German chemist (1856–1926)

Anton Friedrich Robert Behrend (17 December 1856 – 15 September 1926) was a German analytical organic chemist who made pioneering studies of stereochemistry and isomerism. He was also the first to synthesize uric acid and introduced potentiometric titration. The Behrend rearrangement reaction of nitrones is named after him.

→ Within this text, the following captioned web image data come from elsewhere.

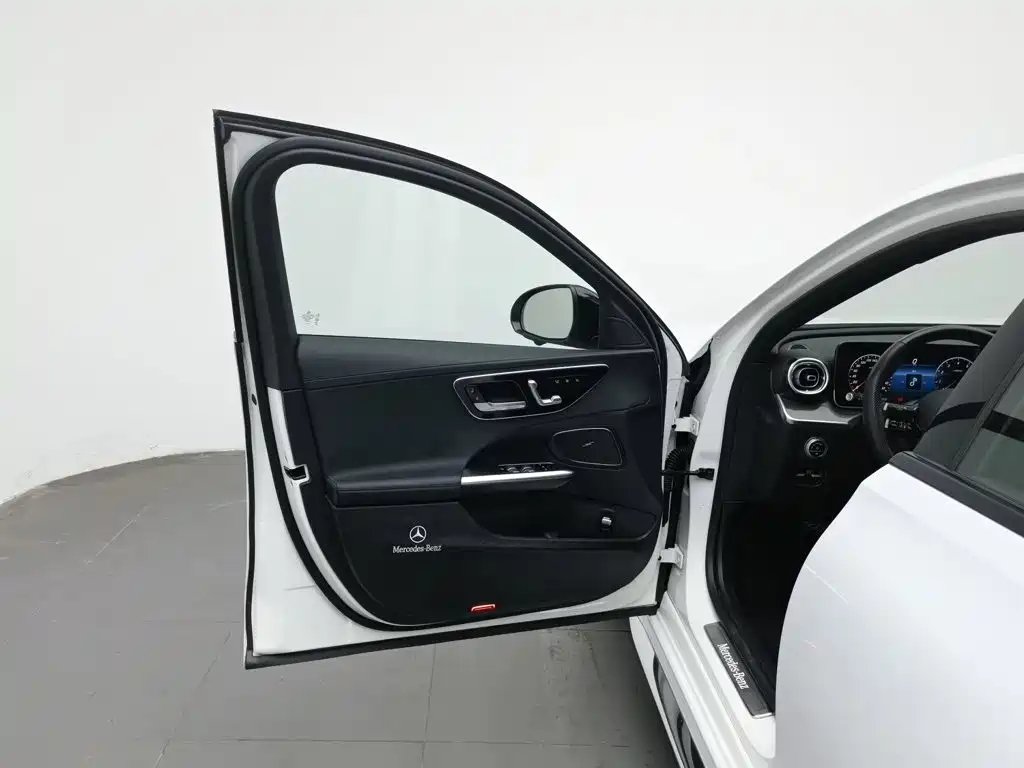 Mercedes-Benz C-Class — миниатюра 8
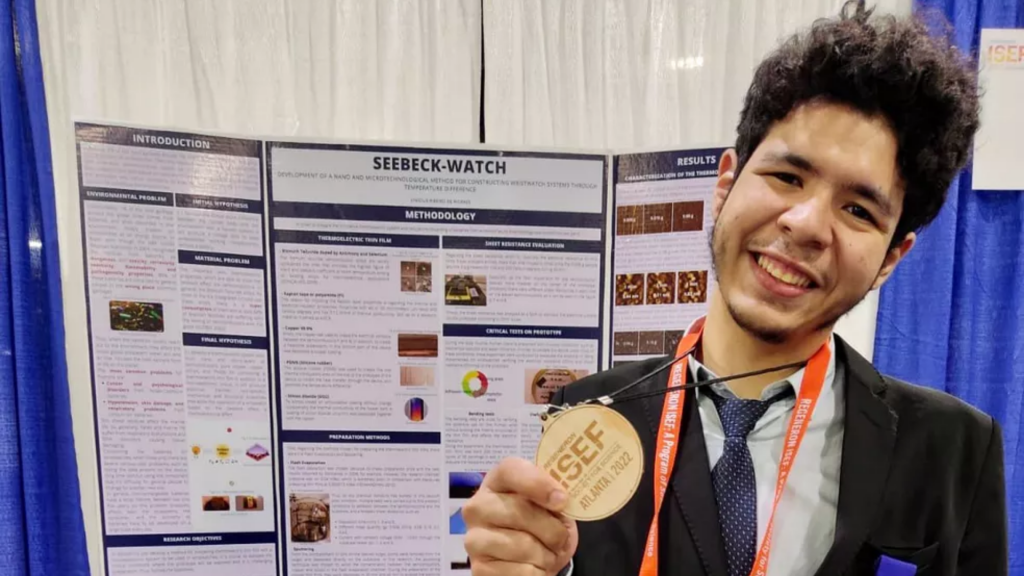 Jovem do RJ é premiado na maior feira científica do mundo por invenção de bateria sustentável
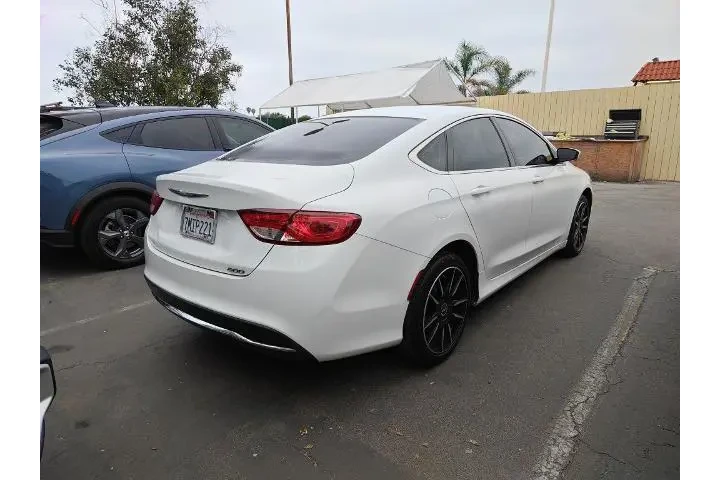 $6394 : Chrysler 200 2015 Limited 4d image 3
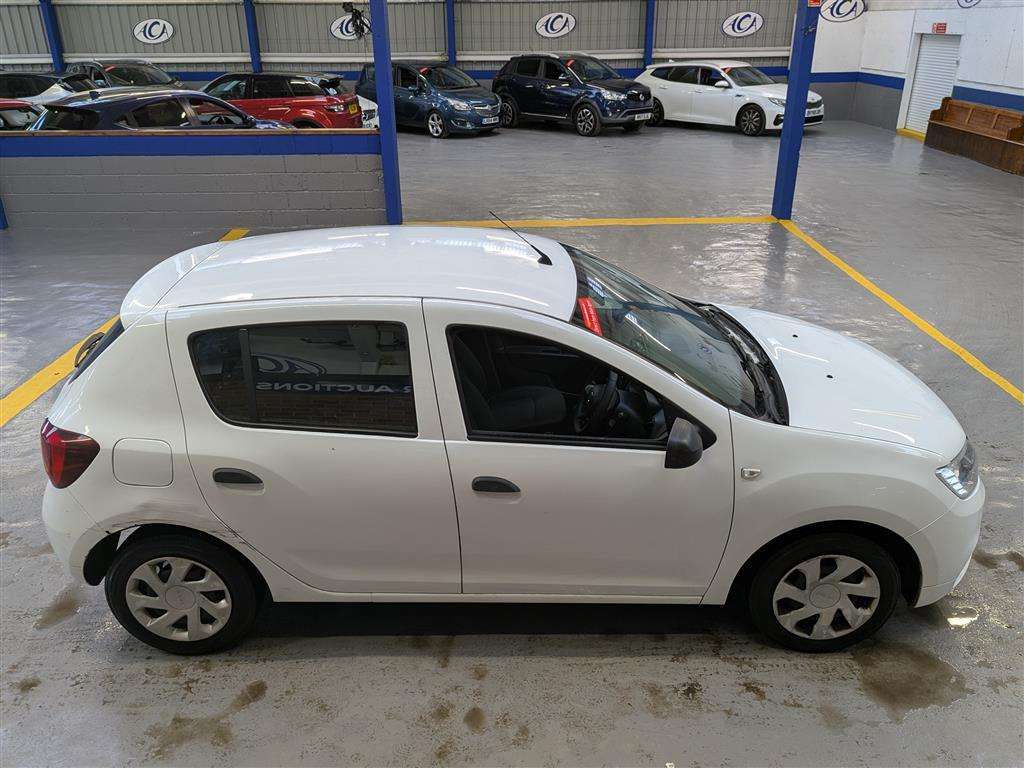 <p>2019 DACIA SANDERO ESSENTIAL TCE</p>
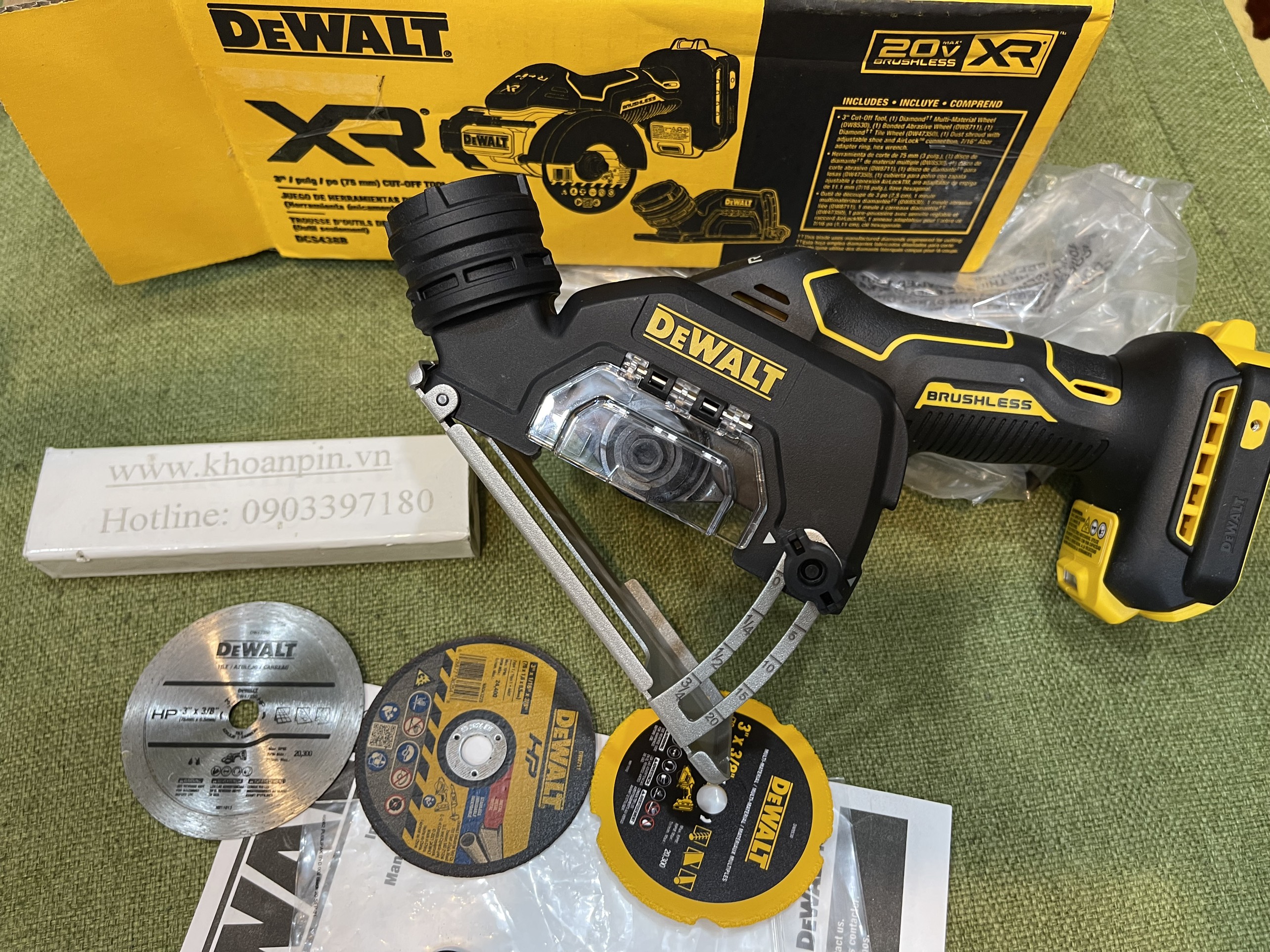 Máy cắt đa năng Dewalt DCS438B made in Mexico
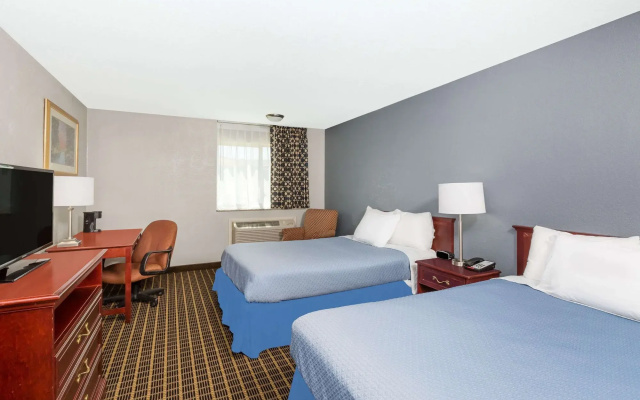 photo 4 of Quality Inn West Des Moines - Clive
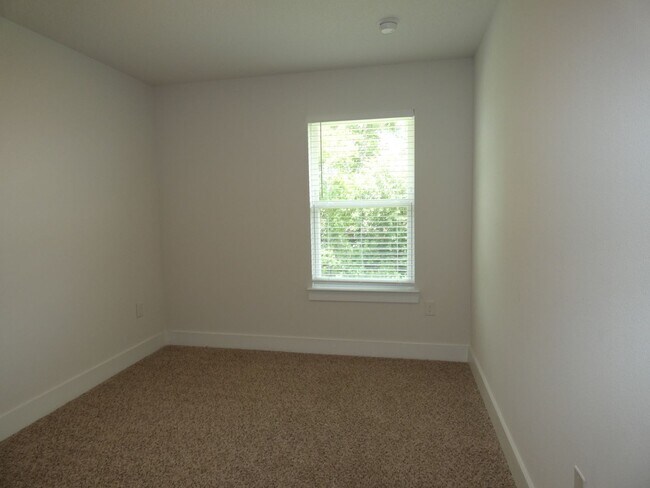 Building Photo - 3-Bedroom Townhome - Admiral's Quarters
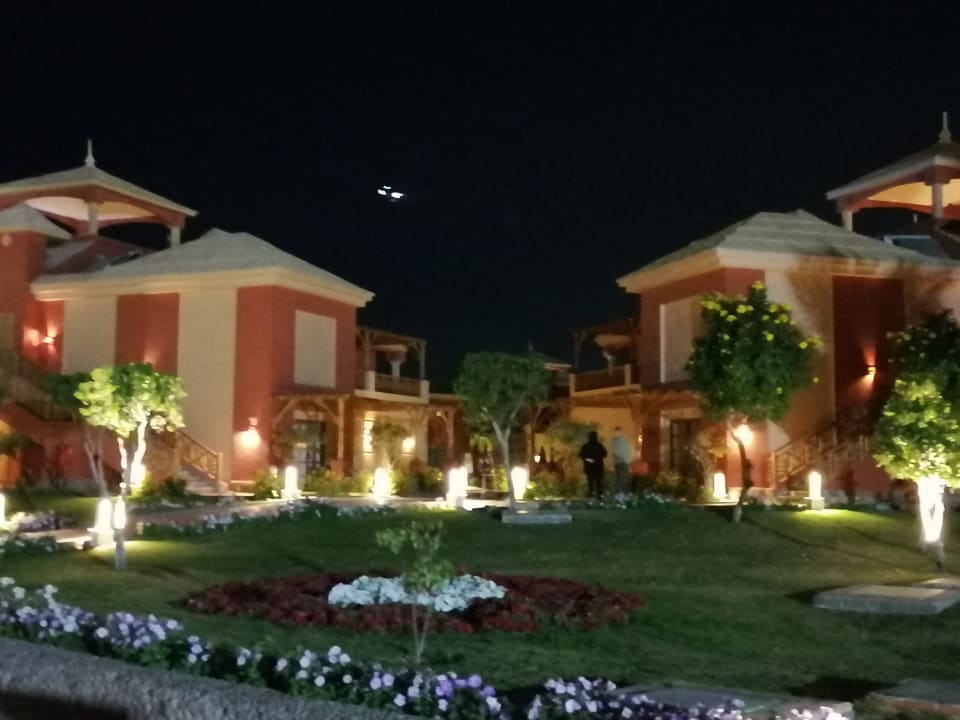 Außenansicht Pickalbatros Alf Leila Wa Leila Resort - Neverland Hurghada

Behrend was born in Harburg to Karl, a trader and his wife Louise Elisabeth Margarethe Carol née Himbeck. He grew up in Hamburg. He joined the infantry regiment in 1876 and studied law for some time and then shifted to physics under Emil Gabriel Warburg. In 1877 and 1878, he tried to study chemistry at Leipzig under Herman Kolbe but was not accepted as he knew nothing. He then worked under Gustav Heinrich Wiedemann and received a doctorate in organic chemistry in 1881. He became a professor in 1889 and in 1897, he moved to the Technical College of Hannover working on stereochemistry. He was among the first to synthesize uric acid, and cucurbiturils. He was a fit and keen outdoors person but his health declined from 1922 and he retired in 1924. He died during a typhoid outbreak in 1926.

Behrend married Elizabeth Tischendorf in 1886 and they had a son and three daughters, one of whom was the photographer Katharina Eleonore Behrend (1888–1973).